- [Goal of the exercise]:
In the entries below, filter for the word "Puede" and copy every matching line.

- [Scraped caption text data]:

*** Begin section ***

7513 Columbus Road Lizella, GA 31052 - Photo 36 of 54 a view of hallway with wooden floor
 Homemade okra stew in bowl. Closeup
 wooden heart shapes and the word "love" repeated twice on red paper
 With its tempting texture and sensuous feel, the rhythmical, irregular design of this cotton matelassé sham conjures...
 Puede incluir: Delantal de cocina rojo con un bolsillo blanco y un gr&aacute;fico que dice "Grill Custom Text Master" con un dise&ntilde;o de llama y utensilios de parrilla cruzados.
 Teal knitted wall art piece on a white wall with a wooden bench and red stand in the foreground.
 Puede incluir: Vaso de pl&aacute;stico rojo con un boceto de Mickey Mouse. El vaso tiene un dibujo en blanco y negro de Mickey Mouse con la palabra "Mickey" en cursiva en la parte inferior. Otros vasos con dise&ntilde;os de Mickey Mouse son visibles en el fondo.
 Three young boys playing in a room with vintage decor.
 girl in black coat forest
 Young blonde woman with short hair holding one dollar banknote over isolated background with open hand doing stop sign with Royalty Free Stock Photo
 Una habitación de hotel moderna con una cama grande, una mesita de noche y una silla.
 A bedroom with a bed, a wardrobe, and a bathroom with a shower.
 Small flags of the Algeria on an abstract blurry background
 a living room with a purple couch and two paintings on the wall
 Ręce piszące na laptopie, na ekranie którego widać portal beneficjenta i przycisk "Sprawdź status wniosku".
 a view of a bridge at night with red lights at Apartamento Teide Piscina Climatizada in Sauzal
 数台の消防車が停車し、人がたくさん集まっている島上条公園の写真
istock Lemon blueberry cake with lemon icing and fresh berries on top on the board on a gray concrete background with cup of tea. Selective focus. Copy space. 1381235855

*** End section ***

- [Response area]:
 Puede incluir: Delantal de cocina rojo con un bolsillo blanco y un gr&aacute;fico que dice "Grill Custom Text Master" con un dise&ntilde;o de llama y utensilios de parrilla cruzados.
 Puede incluir: Vaso de pl&aacute;stico rojo con un boceto de Mickey Mouse. El vaso tiene un dibujo en blanco y negro de Mickey Mouse con la palabra "Mickey" en cursiva en la parte inferior. Otros vasos con dise&ntilde;os de Mickey Mouse son visibles en el fondo.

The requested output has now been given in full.